Interpretations and beliefs regarding Adam and Eve and the story revolving around them vary across religions and sects.
Yahweh fashions a man (Heb. adam, "man" or "mankind") from the dust (Heb. adamah) and blows the breath of life into his nostrils, then plants a garden (the Garden of Eden) and causes to grow in the middle of the garden the Tree of the knowledge of good and evil and the Tree of life. God sets the man in the garden "to work it and watch over it," permitting him to eat from all the trees in the garden except the Tree of Knowledge, "for on the day you eat of it you shall surely die."
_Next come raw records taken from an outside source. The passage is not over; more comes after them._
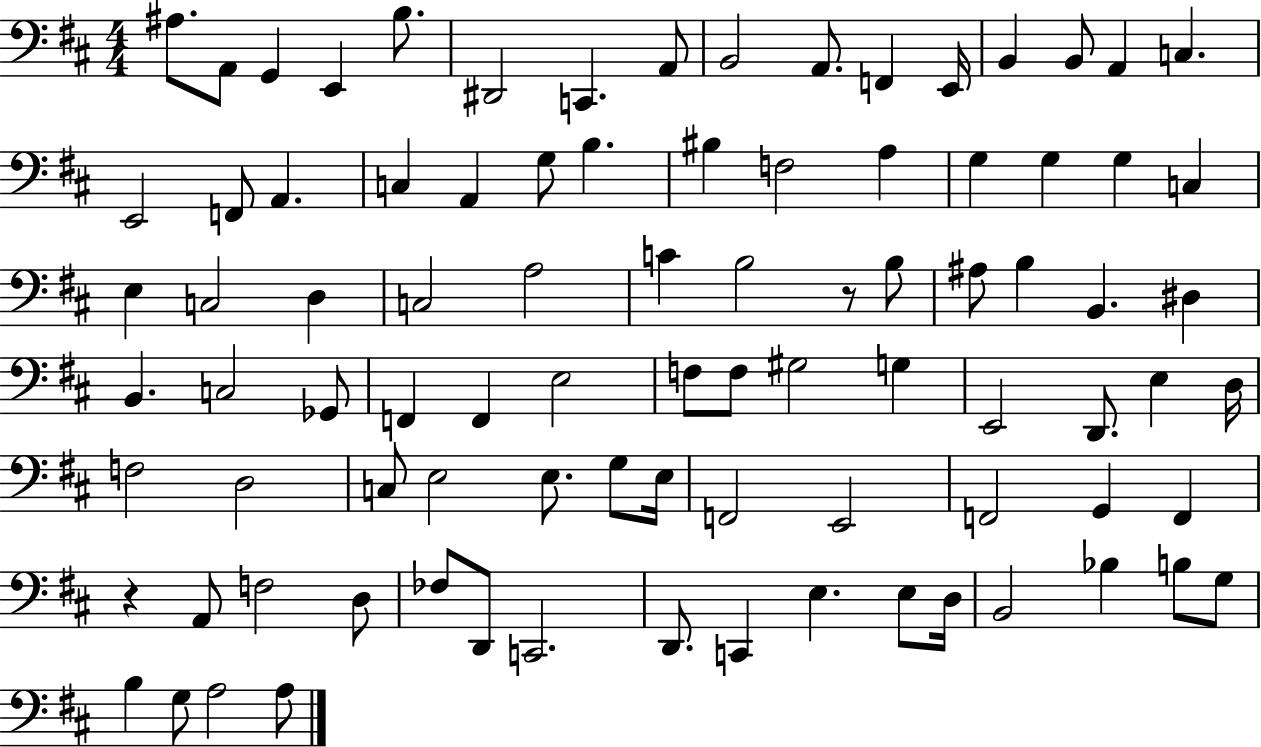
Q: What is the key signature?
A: D major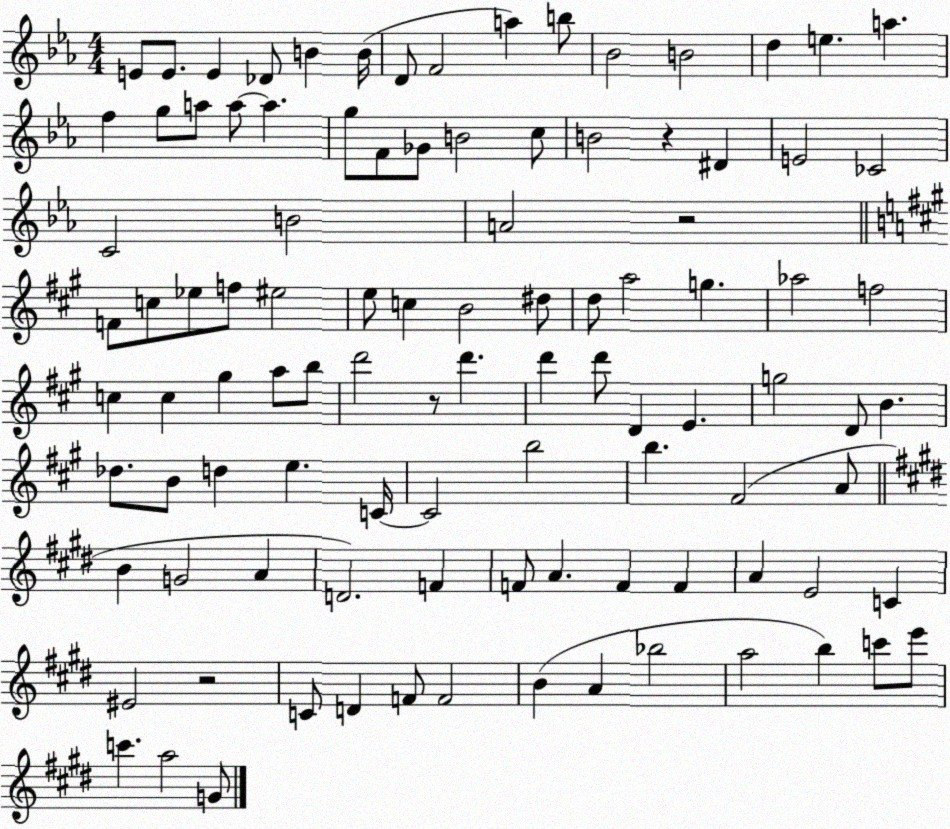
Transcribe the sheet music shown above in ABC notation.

X:1
T:Untitled
M:4/4
L:1/4
K:Eb
E/2 E/2 E _D/2 B B/4 D/2 F2 a b/2 _B2 B2 d e a f g/2 a/2 a/2 a g/2 F/2 _G/2 B2 c/2 B2 z ^D E2 _C2 C2 B2 A2 z2 F/2 c/2 _e/2 f/2 ^e2 e/2 c B2 ^d/2 d/2 a2 g _a2 f2 c c ^g a/2 b/2 d'2 z/2 d' d' d'/2 D E g2 D/2 B _d/2 B/2 d e C/4 C2 b2 b ^F2 A/2 B G2 A D2 F F/2 A F F A E2 C ^E2 z2 C/2 D F/2 F2 B A _b2 a2 b c'/2 e'/2 c' a2 G/2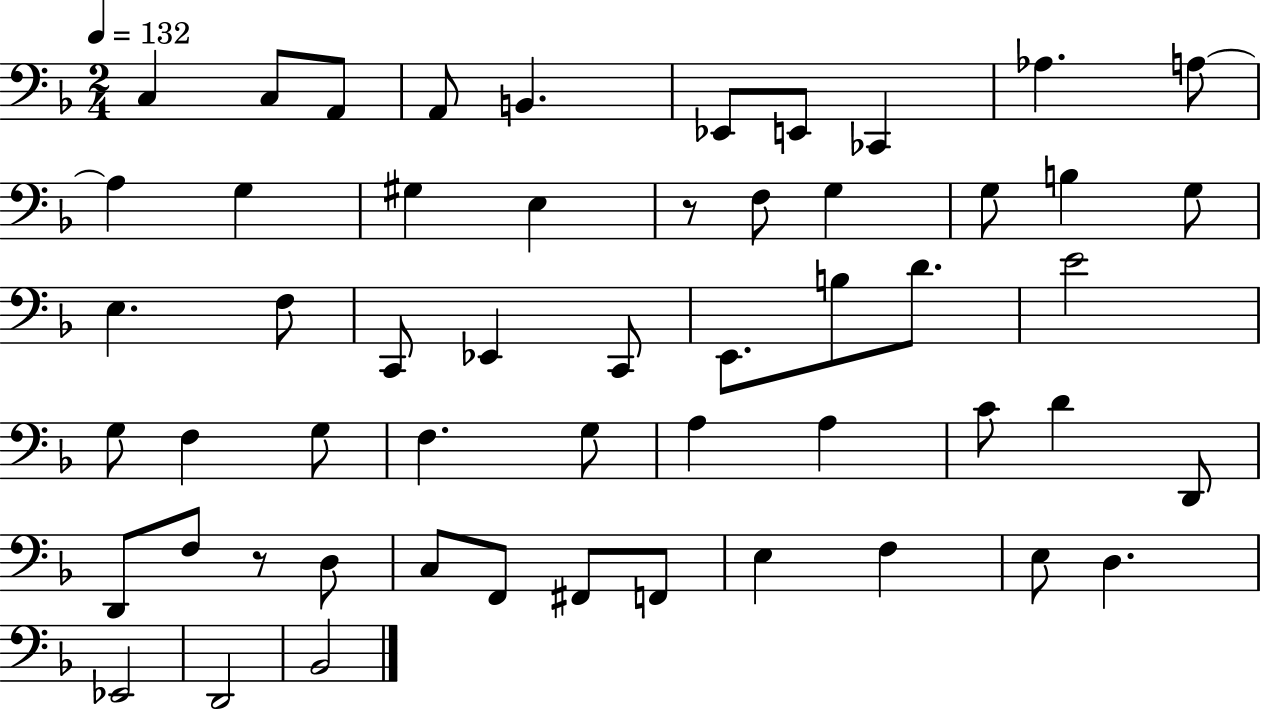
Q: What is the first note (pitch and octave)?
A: C3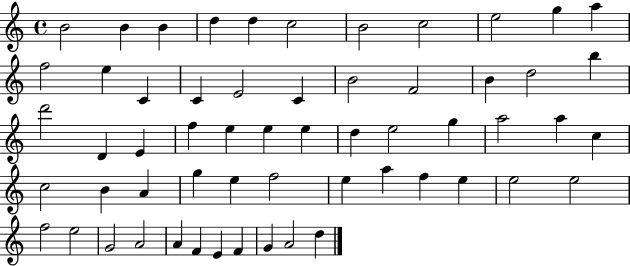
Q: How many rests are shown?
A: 0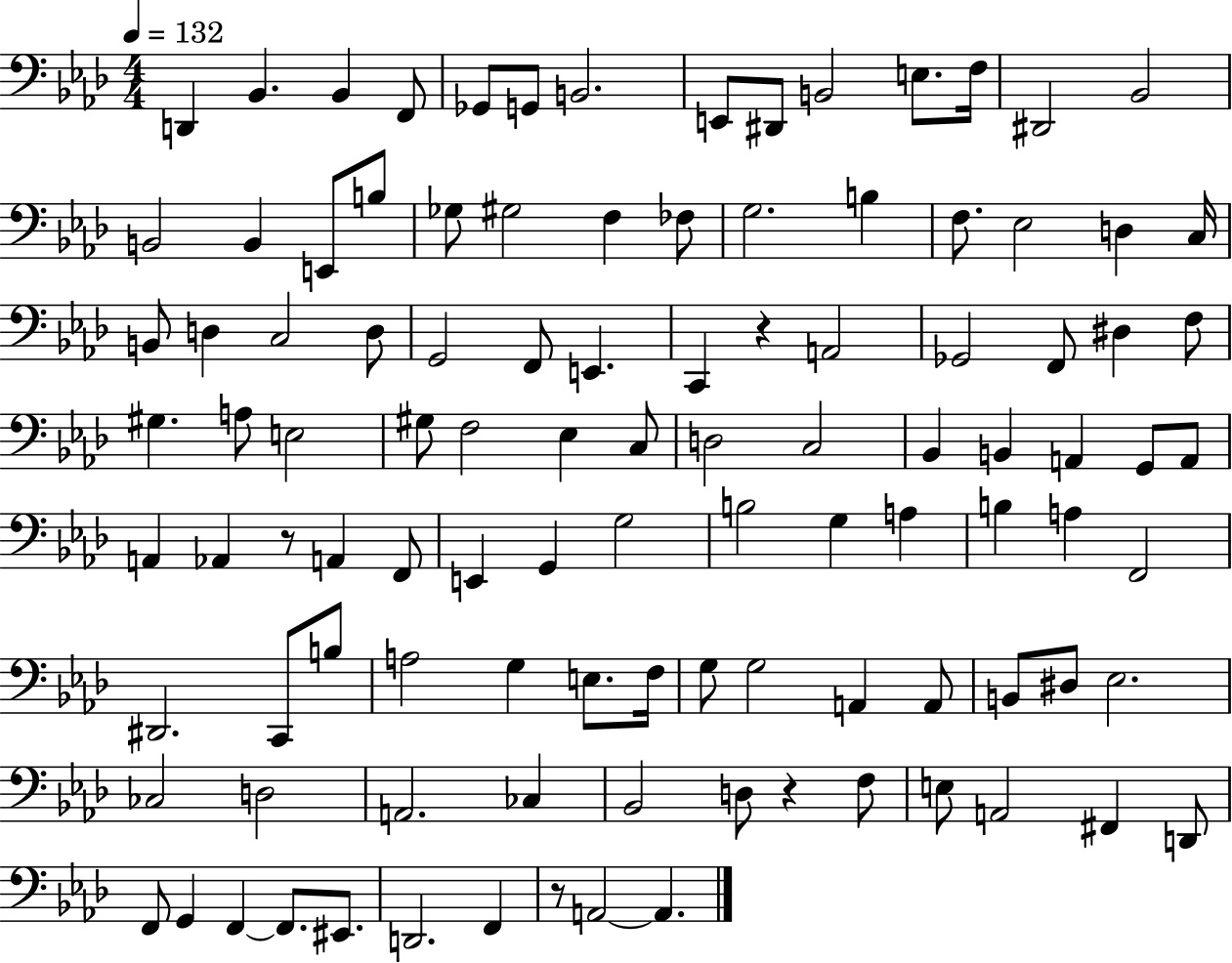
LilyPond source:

{
  \clef bass
  \numericTimeSignature
  \time 4/4
  \key aes \major
  \tempo 4 = 132
  d,4 bes,4. bes,4 f,8 | ges,8 g,8 b,2. | e,8 dis,8 b,2 e8. f16 | dis,2 bes,2 | \break b,2 b,4 e,8 b8 | ges8 gis2 f4 fes8 | g2. b4 | f8. ees2 d4 c16 | \break b,8 d4 c2 d8 | g,2 f,8 e,4. | c,4 r4 a,2 | ges,2 f,8 dis4 f8 | \break gis4. a8 e2 | gis8 f2 ees4 c8 | d2 c2 | bes,4 b,4 a,4 g,8 a,8 | \break a,4 aes,4 r8 a,4 f,8 | e,4 g,4 g2 | b2 g4 a4 | b4 a4 f,2 | \break dis,2. c,8 b8 | a2 g4 e8. f16 | g8 g2 a,4 a,8 | b,8 dis8 ees2. | \break ces2 d2 | a,2. ces4 | bes,2 d8 r4 f8 | e8 a,2 fis,4 d,8 | \break f,8 g,4 f,4~~ f,8. eis,8. | d,2. f,4 | r8 a,2~~ a,4. | \bar "|."
}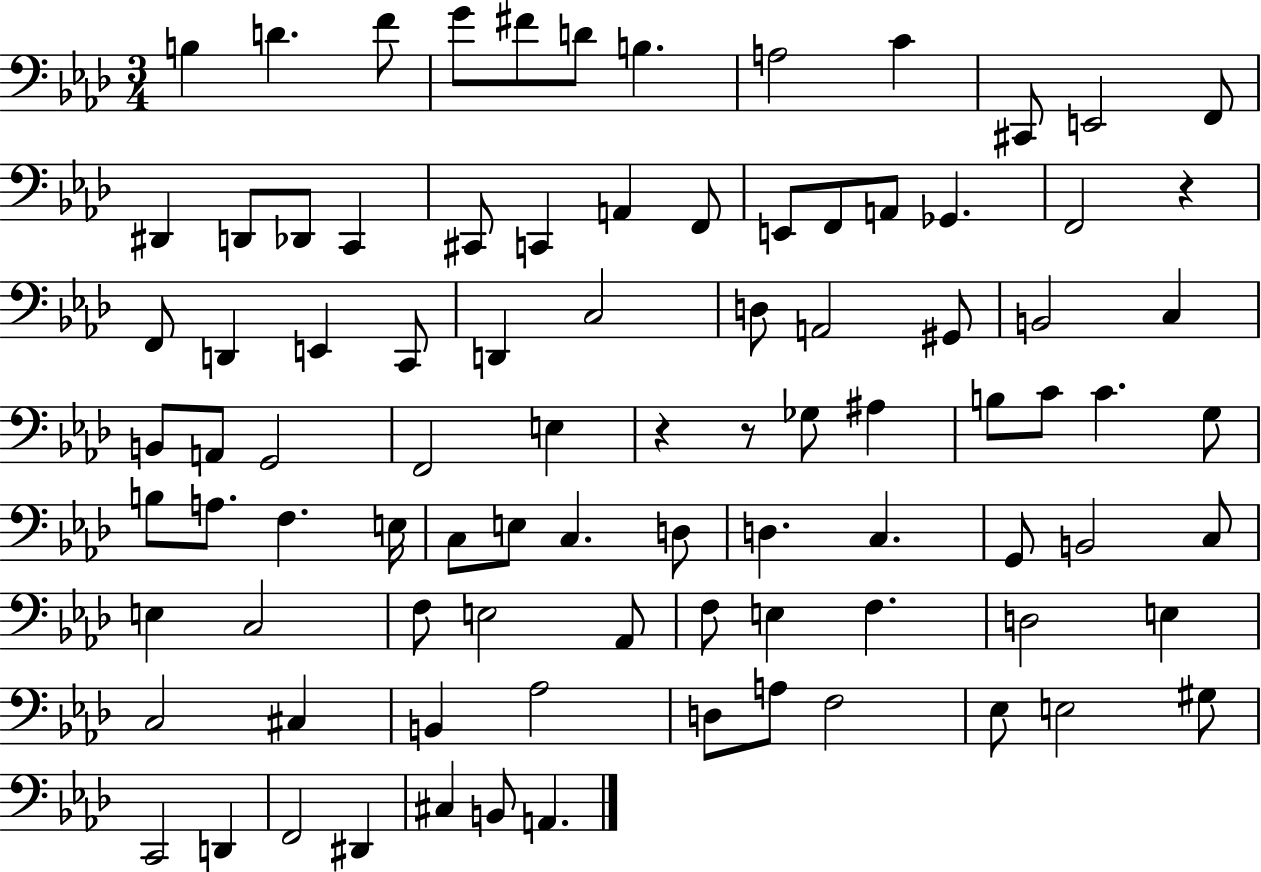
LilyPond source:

{
  \clef bass
  \numericTimeSignature
  \time 3/4
  \key aes \major
  b4 d'4. f'8 | g'8 fis'8 d'8 b4. | a2 c'4 | cis,8 e,2 f,8 | \break dis,4 d,8 des,8 c,4 | cis,8 c,4 a,4 f,8 | e,8 f,8 a,8 ges,4. | f,2 r4 | \break f,8 d,4 e,4 c,8 | d,4 c2 | d8 a,2 gis,8 | b,2 c4 | \break b,8 a,8 g,2 | f,2 e4 | r4 r8 ges8 ais4 | b8 c'8 c'4. g8 | \break b8 a8. f4. e16 | c8 e8 c4. d8 | d4. c4. | g,8 b,2 c8 | \break e4 c2 | f8 e2 aes,8 | f8 e4 f4. | d2 e4 | \break c2 cis4 | b,4 aes2 | d8 a8 f2 | ees8 e2 gis8 | \break c,2 d,4 | f,2 dis,4 | cis4 b,8 a,4. | \bar "|."
}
God brings the animals to the man for him to name. None of them are found to be a suitable companion for the man, so God causes the man to sleep and creates a woman from a part of his body (English-language tradition describes the part as a rib, but the Hebrew word tsela, from which this interpretation is derived, has multiple meanings; see the Textual Note, below). Describing her as "bone of my bones, flesh of my flesh," the man calls his new help-mate "woman" (Heb. ishshah), "for this one was taken from a man" (Heb. ish). This sundering, a making of two from one, predicates reunification in marriage, in which two will be made one: "On account of this a man leaves his father and his mother and clings to his woman." The chapter ends by establishing the state of primeval innocence, noting that the man and woman were naked and not ashamed, and so provides the departure point for the subsequent narrative in which wisdom is gained through disobedience at severe cost.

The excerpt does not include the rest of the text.